Today’s report from the Department of Labor shows that a net total of 146,000 jobs were created and the unemployment rate fell to 7.7 percent in November.  While any job creation is welcomed, it is important to put them in perspective.


Due to the size of the American workforce, gaining 146,000 jobs per month just won’t cut it.  The country is still more than 4 million jobs short of its peak of 138 million in January 2008.  As the Brookings Institution chart below shows, at this pace, it will take well past 2025 until all the jobs lost during the last recession are recovered.  At over 16 years, this would be more than twice as long as it took to recover the jobs lost during the Great Depression.

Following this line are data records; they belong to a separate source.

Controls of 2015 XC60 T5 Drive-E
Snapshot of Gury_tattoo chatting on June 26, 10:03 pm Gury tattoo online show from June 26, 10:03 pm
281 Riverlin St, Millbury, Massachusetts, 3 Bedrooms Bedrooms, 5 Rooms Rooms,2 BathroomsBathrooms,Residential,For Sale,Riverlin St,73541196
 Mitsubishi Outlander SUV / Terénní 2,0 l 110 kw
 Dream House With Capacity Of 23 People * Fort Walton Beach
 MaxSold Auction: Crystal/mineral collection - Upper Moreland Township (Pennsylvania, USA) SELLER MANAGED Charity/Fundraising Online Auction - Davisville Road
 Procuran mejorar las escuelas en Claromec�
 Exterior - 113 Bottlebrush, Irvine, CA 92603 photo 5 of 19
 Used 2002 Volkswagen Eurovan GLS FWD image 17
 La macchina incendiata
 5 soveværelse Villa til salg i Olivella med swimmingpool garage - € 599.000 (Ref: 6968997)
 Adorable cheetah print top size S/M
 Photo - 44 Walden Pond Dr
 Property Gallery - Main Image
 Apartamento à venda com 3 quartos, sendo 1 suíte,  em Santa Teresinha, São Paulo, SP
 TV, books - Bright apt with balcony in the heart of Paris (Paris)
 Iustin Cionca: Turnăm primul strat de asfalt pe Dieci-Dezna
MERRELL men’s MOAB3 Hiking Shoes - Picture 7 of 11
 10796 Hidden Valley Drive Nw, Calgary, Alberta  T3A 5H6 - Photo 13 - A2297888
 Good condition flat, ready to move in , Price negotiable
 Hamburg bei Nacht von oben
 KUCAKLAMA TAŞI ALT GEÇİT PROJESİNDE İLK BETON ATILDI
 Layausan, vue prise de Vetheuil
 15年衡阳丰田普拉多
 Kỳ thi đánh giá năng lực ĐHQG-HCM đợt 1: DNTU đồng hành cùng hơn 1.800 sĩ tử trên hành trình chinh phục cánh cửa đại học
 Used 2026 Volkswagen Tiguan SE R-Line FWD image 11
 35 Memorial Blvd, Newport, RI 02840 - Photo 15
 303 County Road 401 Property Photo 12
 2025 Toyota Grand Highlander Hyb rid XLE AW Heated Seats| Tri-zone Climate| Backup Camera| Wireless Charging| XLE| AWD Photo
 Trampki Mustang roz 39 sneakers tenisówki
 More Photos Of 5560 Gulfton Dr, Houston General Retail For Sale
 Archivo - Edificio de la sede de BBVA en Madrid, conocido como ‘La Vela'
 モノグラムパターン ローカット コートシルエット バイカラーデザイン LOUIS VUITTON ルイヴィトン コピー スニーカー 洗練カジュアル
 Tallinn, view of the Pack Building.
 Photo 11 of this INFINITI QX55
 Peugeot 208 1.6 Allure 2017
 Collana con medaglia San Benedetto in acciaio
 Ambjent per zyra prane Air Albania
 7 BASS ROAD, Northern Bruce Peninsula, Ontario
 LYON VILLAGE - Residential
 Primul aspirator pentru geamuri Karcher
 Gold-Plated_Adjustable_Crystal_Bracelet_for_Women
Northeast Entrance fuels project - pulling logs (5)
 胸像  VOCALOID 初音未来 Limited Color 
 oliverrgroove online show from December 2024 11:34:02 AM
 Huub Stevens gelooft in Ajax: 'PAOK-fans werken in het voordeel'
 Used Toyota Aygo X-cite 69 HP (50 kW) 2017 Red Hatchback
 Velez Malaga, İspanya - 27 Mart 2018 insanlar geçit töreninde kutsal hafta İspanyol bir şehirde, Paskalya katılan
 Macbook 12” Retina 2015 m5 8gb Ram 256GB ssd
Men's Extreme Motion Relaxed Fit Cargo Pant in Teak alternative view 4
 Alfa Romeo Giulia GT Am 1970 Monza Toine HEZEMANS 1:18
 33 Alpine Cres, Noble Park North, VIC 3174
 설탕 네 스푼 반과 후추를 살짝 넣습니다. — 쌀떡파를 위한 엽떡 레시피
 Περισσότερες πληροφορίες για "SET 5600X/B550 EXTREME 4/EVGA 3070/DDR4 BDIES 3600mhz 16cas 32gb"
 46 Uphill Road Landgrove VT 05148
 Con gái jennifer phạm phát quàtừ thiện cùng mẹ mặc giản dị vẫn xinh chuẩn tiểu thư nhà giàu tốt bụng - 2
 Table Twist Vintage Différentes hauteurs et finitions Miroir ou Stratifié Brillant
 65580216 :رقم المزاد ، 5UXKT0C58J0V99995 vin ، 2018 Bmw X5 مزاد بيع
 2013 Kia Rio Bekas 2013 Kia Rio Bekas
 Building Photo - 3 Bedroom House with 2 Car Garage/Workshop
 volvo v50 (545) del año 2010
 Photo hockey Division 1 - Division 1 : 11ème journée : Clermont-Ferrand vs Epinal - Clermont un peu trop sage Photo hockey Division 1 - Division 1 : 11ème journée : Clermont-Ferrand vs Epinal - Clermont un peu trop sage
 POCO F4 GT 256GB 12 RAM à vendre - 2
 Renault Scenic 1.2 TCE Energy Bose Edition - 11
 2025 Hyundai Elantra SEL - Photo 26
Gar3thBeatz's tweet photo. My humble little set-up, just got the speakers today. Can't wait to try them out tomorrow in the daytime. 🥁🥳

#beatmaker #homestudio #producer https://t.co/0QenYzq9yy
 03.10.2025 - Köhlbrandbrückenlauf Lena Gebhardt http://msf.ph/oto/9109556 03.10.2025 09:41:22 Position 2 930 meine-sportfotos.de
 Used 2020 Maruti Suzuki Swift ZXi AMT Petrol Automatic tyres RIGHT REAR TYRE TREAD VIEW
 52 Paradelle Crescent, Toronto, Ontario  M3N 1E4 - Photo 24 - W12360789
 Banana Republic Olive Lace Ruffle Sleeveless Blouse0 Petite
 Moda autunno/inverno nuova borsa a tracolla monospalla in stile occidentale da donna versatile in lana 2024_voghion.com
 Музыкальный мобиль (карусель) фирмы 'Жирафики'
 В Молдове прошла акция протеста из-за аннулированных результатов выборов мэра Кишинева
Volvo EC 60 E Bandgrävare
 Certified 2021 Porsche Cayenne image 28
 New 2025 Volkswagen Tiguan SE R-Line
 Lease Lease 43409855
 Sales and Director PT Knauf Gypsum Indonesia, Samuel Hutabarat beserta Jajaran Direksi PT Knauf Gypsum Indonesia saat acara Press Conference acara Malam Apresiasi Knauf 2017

The unemployment rate fell in November because 350,000 people gave up looking for work and dropped out of the labor force, not because significant numbers of Americans found jobs.  In fact, the survey that is used to calculate the unemployment rate showed that employment actually fell by 122,000 last month.  Throughout the Obama Administration, Americans have been dropping out of the labor force in droves.  This has led to significant “invisible” unemployment, as jobless individuals are no longer counted as officially unemployed once they have dropped out of the labor force and are no longer searching for work.  If these “invisible unemployed” individuals were in the official labor force, they would be counted as officially unemployed – raising the current 7.7 percent unemployment rate to almost 11 percent.

Sources: January 2009 Romer/Bernstein Report (“Administration Prediction With Stimulus Plan”), actual U.S. Department of Labor data and Ways and Means Republican staff calculations of “invisible unemployed.”  The “invisible unemployed” are defined as unemployed persons not included in official unemployment rate calculations because they are not currently in the labor force, compared with the month Democrats’ stimulus passed (February 2009).  This includes people who quit looking for jobs since stimulus passed and dropped out of the labor force, plus other working-age adults who never entered the labor force, but presumably would have if the labor force participation rate was the same as when stimulus passed.

While any increase in employment is positive, this month’s numbers simply don’t cut it.  Employers are looking for a resolution to the fiscal cliff and some certainty for the future before they begin hiring once again.  Republicans have done their part.  It’s time for President Obama to come to the table with a serious offer to rein in Washington’s out-of-control spending and put our country back on track.